Imagen: © Warner Bros.

Me llama la atención la proporción de películas y series de televisión (en servicios como Netflix o HBO) que cuentan sobre superhéroes salvadores. Son personajes sobrehumanos, frecuentemente con importantes defectos personales, que responden a la vocación de intervenir para salvar a los mortales comunes, que están en peligro de sucumbir.

No son muy diferentes en sus características, de los dioses de los griegos y los romanos. Aquellos también tenían importantes defectos personales, rivalidades sin fin, una lascivia incontrolada… Y también intervenían para defender a los que clamaban a ellos, luchaban contra el caos que amenazaba con apoderarse de la sociedad, apoyaban a los inocentes en sus guerras contra los malvados.
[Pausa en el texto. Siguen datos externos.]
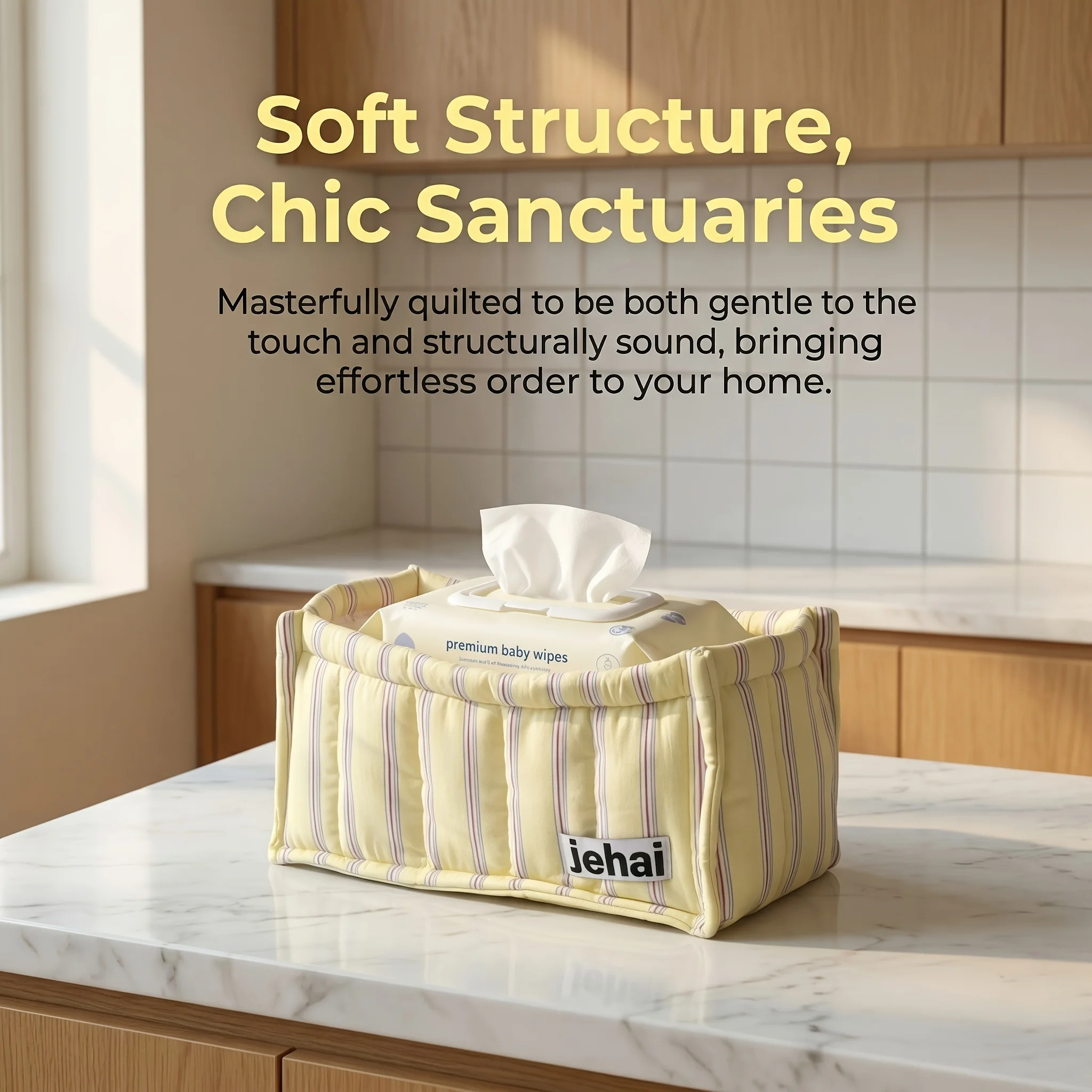Fabric Striped Quilted Foldable Storage Basket Multipurpose Organizer For Cosmetic Tissues Sundries Perfect For Kitchen Bathroom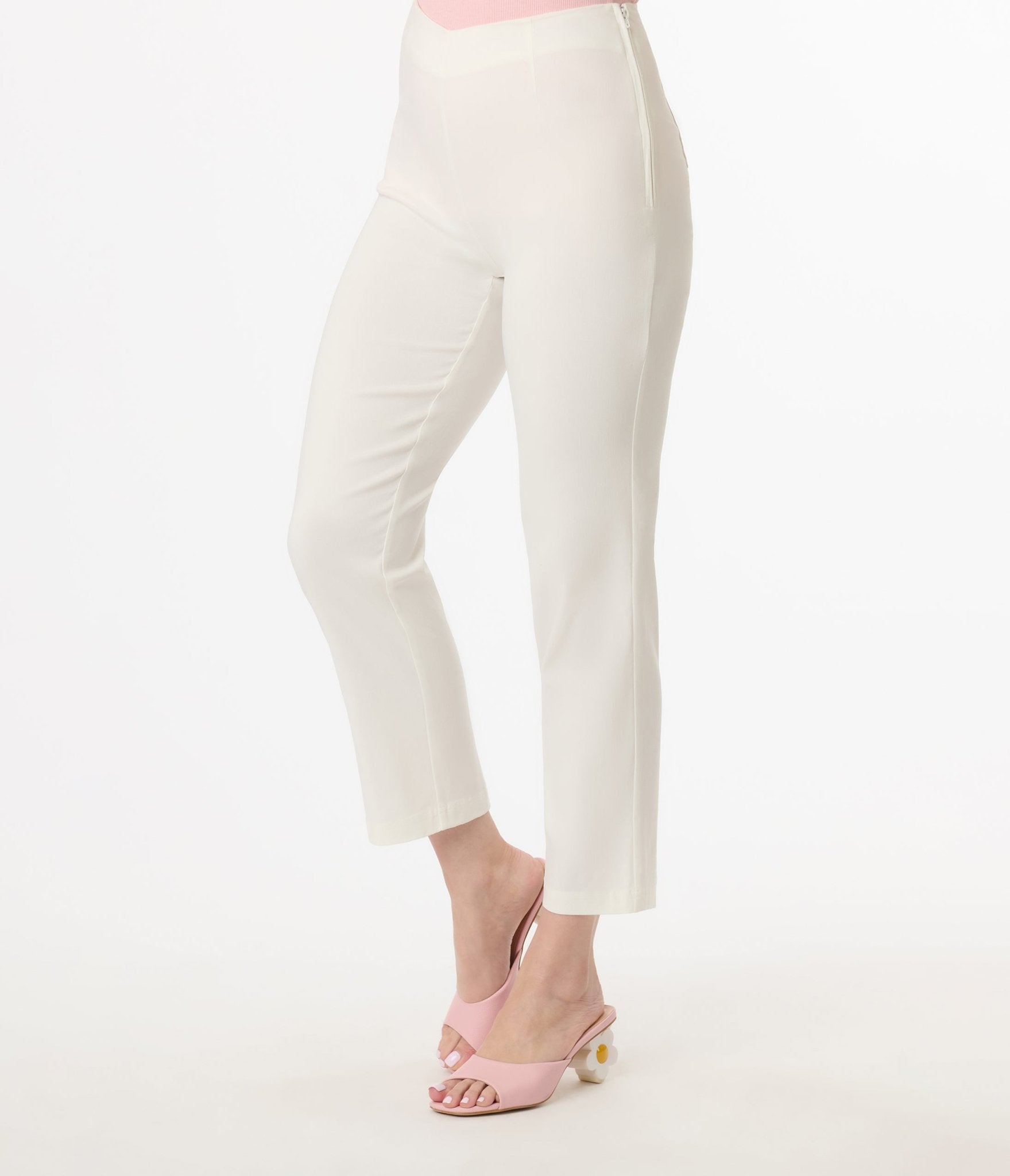 Vintage 1960s White High Waisted Cigarette Pants - Retro Women's Slim Fit Trousers for Casual Wear & 60s Themed Parties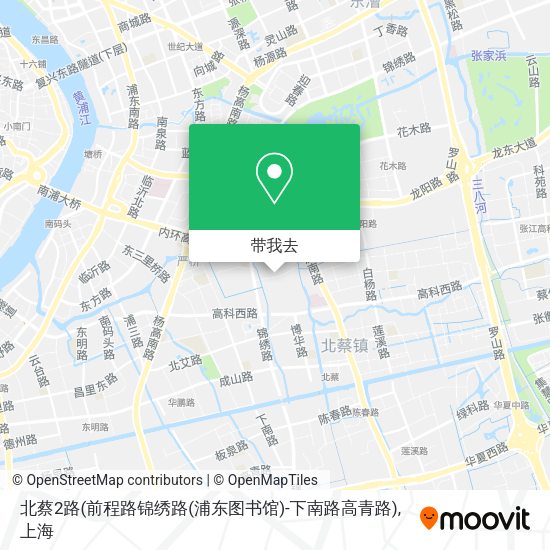 北蔡2路(前程路锦绣路(浦东图书馆)-下南路高青路)地图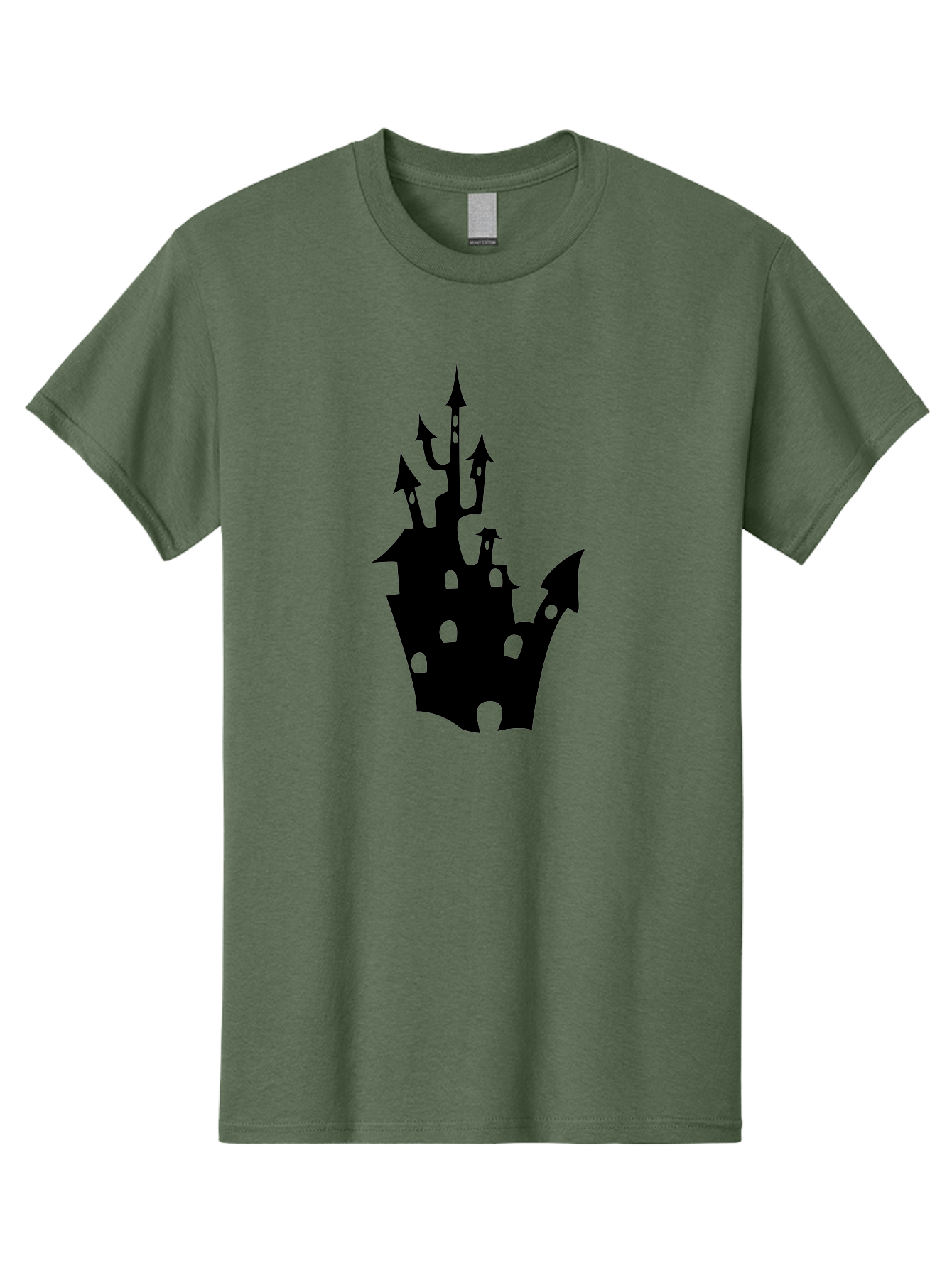 Crown-Castle Men'S Graphic Tee, 100% Cotton, Comfortable Casual Summer Wear, Machine Washable, Crown Shaped Castle, Medieval Architecture, Fantasy Design, Regal Crown, Mysterious Silhouette, Eerie Atmosphere, Dark Fantasy, Gothic Style Aab211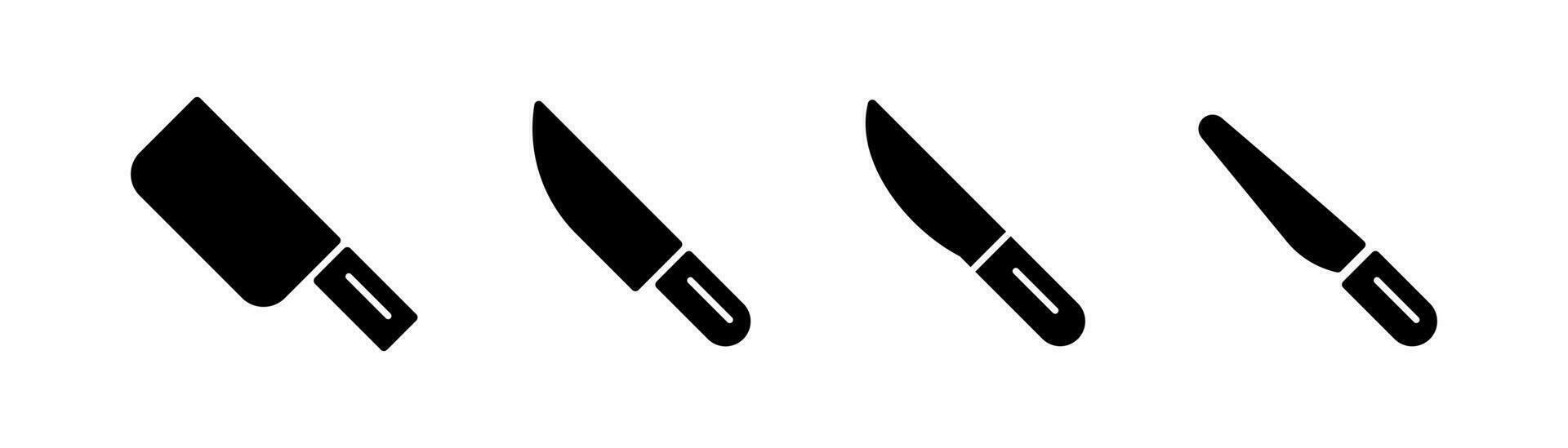 Messer Glyphe Symbol. Küche Messer Symbol Satz. Scharf Messer Glyphe Symbol. Scharf Klinge Illustration. Lager Vektor Illustration.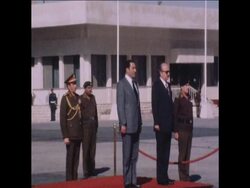 UPITN 2 2 78 EGYPTIAN VICE PRESIDENT MUBARAK ARRIVES TO AMMAN News Clip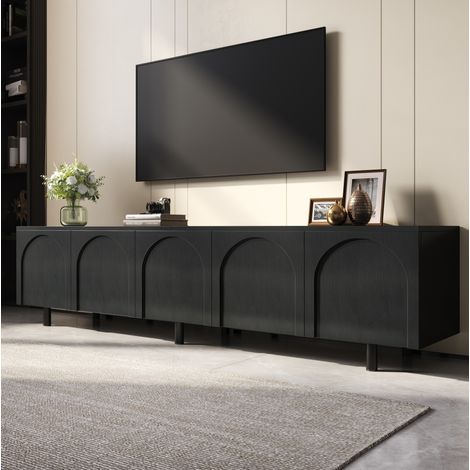 Mobile TV basso con 5 ante, sistema di gestione cavi, MDF nero, gambe in metallo, 180x38x45 cm (1/5)
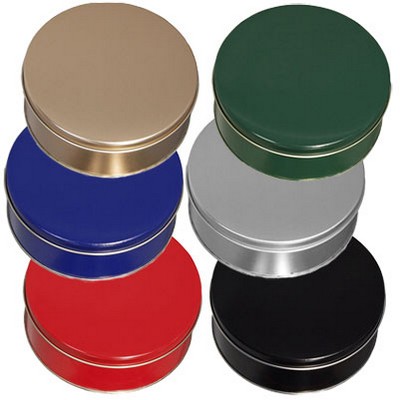 Round Colored Cookie Tin (6 11/16"x1 13/16")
A veces se limitan a filmar los mitos de la antigüedad. Más típicamente vemos a seres de fantasía actuar en nuestra sociedad contemporánea con toda su violencia y crimen organizado, contra la maldad a todos los niveles que opera hoy día. Y en otros casos, nos trasladamos a escenarios más o menos medievales, donde veremos actuar seres sobrenaturales, con todos sus poderes.

En todos los casos, sus luchas contra el crimen, la maldad y el caos —caos social, político o criminal, aunque puede incluir también caos ecológico— es una lucha real, donde siempre existe la posibilidad de caer derrotados junto con aquellos por quienes luchan. Sin embargo siempre acaban victoriosos al final. Aunque los maten, siempre habrá otra película o una temporada posterior, donde reaparecerán aunque parezca imposible.

No soy experto en este género de entretenimiento, así que es probable que estas generalizaciones que estoy haciendo se alejen algo de la verdad. Aunque he visto algo de esto, disto mucho de haberlo visto todo. La reflexión a continuación, entonces, más que un análisis del contenido de estas películas y series, es una reflexión acerca de la frecuencia con que se nos ofrece para nuestro entretenimiento.

G. K. Chesterton, un apologeta cristiano británico del siglo pasado, escribió que: «Cuando los hombre eligen no creer en Dios, entonces no es que no crean en nada; entonces es que son capaces de creerse cualquier cosa».

Cuando los seres humanos renuncian a creer en Dios, la necesidad psicológica —mejor sería decir que necesidad espiritual— de un Salvador sobrenatural, que es una parte imborrable del alma humana, hallará expresión de otras muchas maneras, normalmente mucho más fantasiosa que el evangelio cristiano.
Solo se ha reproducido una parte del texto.